A second assumption, which encompasses various concepts to be discussed in succession, is that of interactants acting purposefully when engaging in conversation. Regarding the question of the degree of consciousness involved, 'goal-oriented' may be a less ambiguous description, since Myers-Scotton's participants in conversation act unconsciously, just like Gumperz' do. The goal-oriented interactant is called rational actor by a number of researchers in speaker motivations. This social psychological framework considers social interaction as a process of exchange and uses economic metaphors to describe the matter: rationality, the linchpin of the entire communicational event, directs interactants to perform a cost-benefit analysis of given alternatives and to finally make choices which optimise their rewards, that is choices which yield the best possible returns. Myers-Scotton incorporated this mindset into her CS model in the early 1970s, and then kept developing its consequences in the following decades. From the beginning, her rationale has been that a major motivation for using one variety rather than another as a medium of an interaction is the extent to which this choice minimizes costs and maximizes rewards for the speaker. Myers-Scotton's speakers thus engage in code-switching practice as the result of their calculation showing that the aimed for rewards will be greater with an utterance involving a switch than with a monolingual one.

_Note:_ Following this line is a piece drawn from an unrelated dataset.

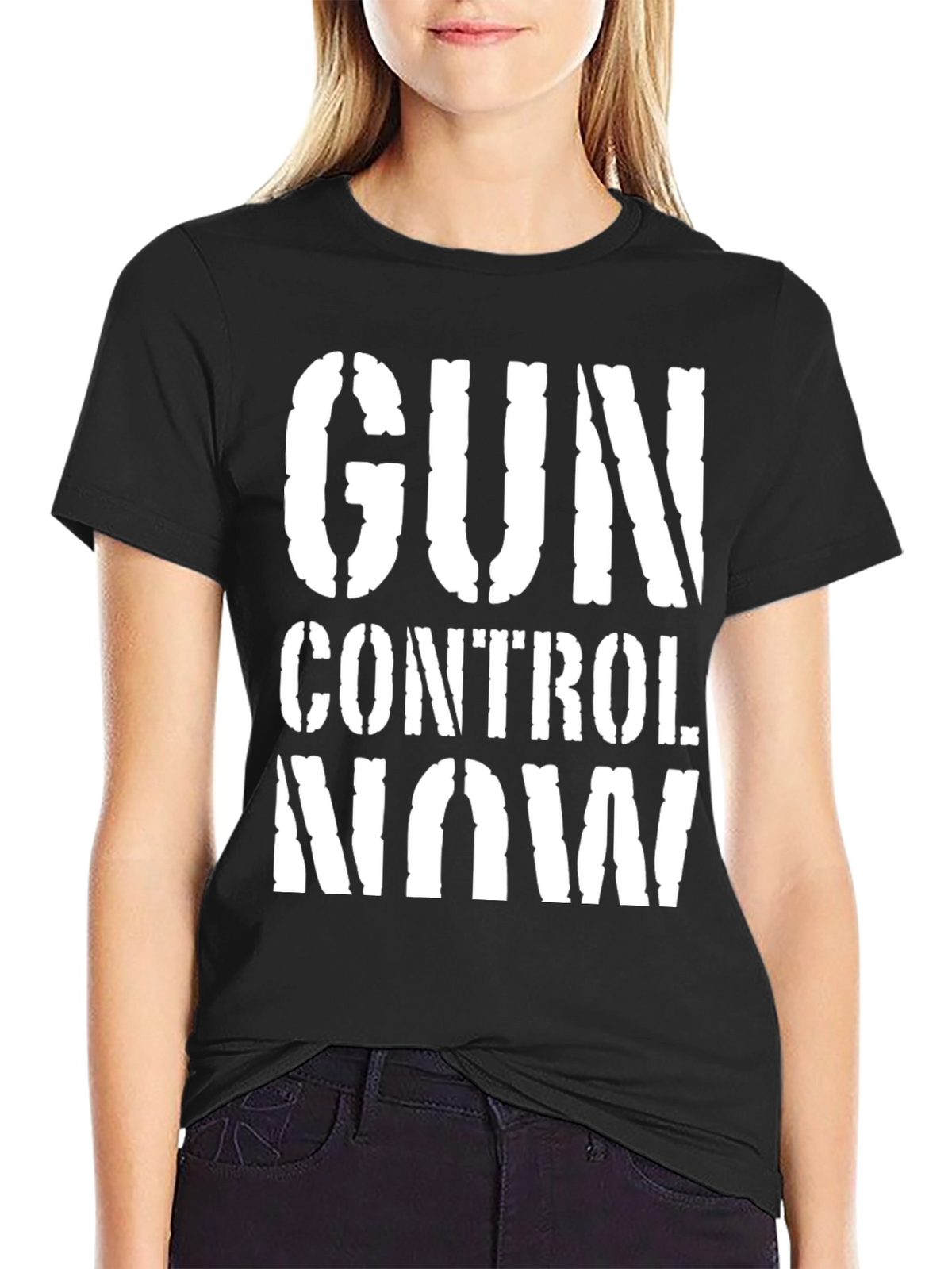 Gun Control Now T-Shirt - Black Activist Tee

Howard Giles' speech accommodation theory (or, more recently, communication accommodation theory) similarly ties in with both the speaker as rational actor and the cost-benefit analysis. Myers-Scotton hence includes the concept in her markedness model in the sense that interactants achieve accommodation or convergence with and divergence from their conversation partners by their code-switching practice.

Another premise of Myers-Scotton's model, which takes us one step further towards the actual markedness model, is the picture of several sets of rights and obligations (RO), which are thought of as abstract constructs representing the attitudes and expectations that interactants hold towards each other. She shares that aspect with Gumperz, though in comparison he did not elaborate greatly on the concept. In Myers-Scotton's version, any code choice is indexical of a corresponding RO set between interactants in a given type of interaction. The switching between codes then is according to her a clear signal of two possible scenarios: (1) the speaker is either unwilling to, or uncertain whether or not to, commit to any single RO set between interactants, or (2) the speaker seeks to change the established RO set, which makes CS a negotiation for a new set of rights and obligations. When in the complex course of language acquisition speakers come to know the community's available RO sets, they simultaneously form a sense of indexicality of code choices for these sets. As for the source of the RO sets, Myers-Scotton describes them to derive from situational features (relative statuses of the speakers, topic, setting etc.). This statement has entailed that a couple of critics put her model on one level with Gumperz' situational switching, and only with his situational switching. In a later publication she thus felt the need to clarify that for the RO sets to be derived from situational factors does not at all mean that the situational factors per se predefine code choices. She allows for speakers' awareness that situation, RO set and code choice are somehow linked, yet at the same time insists that this awareness is only one of several ingredients that make up the optimal choice.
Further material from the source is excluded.